Semi-final Bayern won 3-1 on aggregate

Bayern and Real have never met in a European final – but that’s only if you take these things literally. In eight of their 13 knockout clashes the winning team became champions of Europe that season. A precedent was set in their first meeting 50 years ago, when Bayern beat Real en route to their third consecutive European Cup.

Bayern did the heavy lifting with an excellent 1-1 draw at the Bernabéu. Some laissez-faire defending from Franz Beckenbauer and Udo Horsmann was punished expertly by Roberto Martínez, but Bayern’s prolific goal machine Gerd Müller equalised before half-time. There was much excitement that the game would be watched by “200 million televiewers in 15 countries”. However, a production error meant none of them saw Müller’s goal, only his trademark leaping celebration.

There is footage of a notorious incident at the final whistle, when an affronted Madrid fan hared on to the pitch, chinned Müller as he ran past and then floored the referee, Erich Linemayr, with one punch. A dazed Müller was carried from the field. Real were banned from European competition for a year; the newspaper Marca said: “Uefa has assassinated its own father.” Uefa brought him back to life when they lifted the ban a few weeks later. But Madrid were so irked that they hired a team of private detectives to track down the assailant. A 26-year-old waiter from Madrid was eventually identified.

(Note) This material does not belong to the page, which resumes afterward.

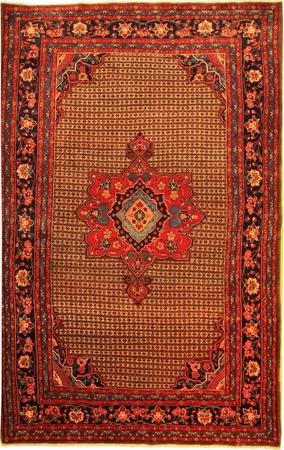Hand Made Persian VATAN, SENE Wool 6'11" x 10'10" Ivory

By then, Bayern were European champions again. Before the second leg of the semi-final, Müller had announced: “We will win 2-0 and I will score my 50th European Cup goal.” His predictions, like his finishing, had an eerie precision. Müller scored his 50th and 51st European Cup goals to settle the tie in the first half. Both goals, one with each foot, were typical Müller: inelegant, majestic, emphatic. The football world concurred that he was worth every penny of his £1,400-a-week wages.

1987-88

Quarter-final Real won 4-3 on aggregate

We should probably mention the infamous semi-final of 1987, when Juanito plunged his studs into Lothar Matthäus’s face. But Scott Murray covered that in a typically brilliant piece in 2014, and we should feature at least one quarter-final, given that’s where the teams are meeting this year. So let’s move forward 12 months to 1988, and a dramatic twist in the Munich snow.

Yep, snow in March. Bayern set about Real from the off – Roland Wohlfarth hit the bar after 35 seconds – and scored three goals in nine minutes either side of half-time. It was still 3-0 after 84 minutes when Norbert Eder, who scored the second from a fine Mark Hughes pass, came face to face with Kipling’s other impostor. His blind back-pass was read and punished by the predatory Emilio Butragueño.

Real celebrated their away goal wildly and could barely believe their luck when a wildly optimistic and ostensibly harmless free-kick from Hugo Sánchez slithered under the Bayern keeper, Jean-Marie Pfaff.

“We’ll win the second leg 8-0,” announced Madrid’s left-winger Rafael Gordillo. He was 25% correct, but a 2-0 win was enough. Milan Jankovic’s deflected shot and a classy volley from Míchel – made superbly by Gordillo – finished off Bayern before half-time.

1999-2000

Semi-final Real won 3-2 on aggregate

At the 1954 World Cup, West Germany lost 8-3 to Hungary in the group stage before turning the tables with a stunning 3-2 victory in the final. The twist went the other way in 1999-2000. Bayern hammered a woebegone Real Madrid twice in the second group stage, 4-2 and 4-1, only to lose 3-2 on aggregate to rejuvenated opponents two months later.

Real’s hero was their problem child, Nicolas Anelka. In his first season at Real, he scored only two goals in La Liga and was suspended by the club president after refusing to train. But he returned in time to score a goal in each leg of a heavyweight semi-final. Anelka gave Madrid an early lead in the first leg at the Bernabéu, which was doubled when Jens Jeremies accidentally ran the ball into his own net.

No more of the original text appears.